__Task prompt__
Repeat exactly the lines that run from the one containing "Used 2025 Nissan Altima 2.5 SV FWD image 26" to the end of the data, and leave out all others.
--- Collected data ---
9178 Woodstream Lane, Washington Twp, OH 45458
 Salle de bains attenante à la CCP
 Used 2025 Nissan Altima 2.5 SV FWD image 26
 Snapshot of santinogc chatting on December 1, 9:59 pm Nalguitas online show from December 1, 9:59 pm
---
__Result for this task__
 Used 2025 Nissan Altima 2.5 SV FWD image 26
 Snapshot of santinogc chatting on December 1, 9:59 pm Nalguitas online show from December 1, 9:59 pm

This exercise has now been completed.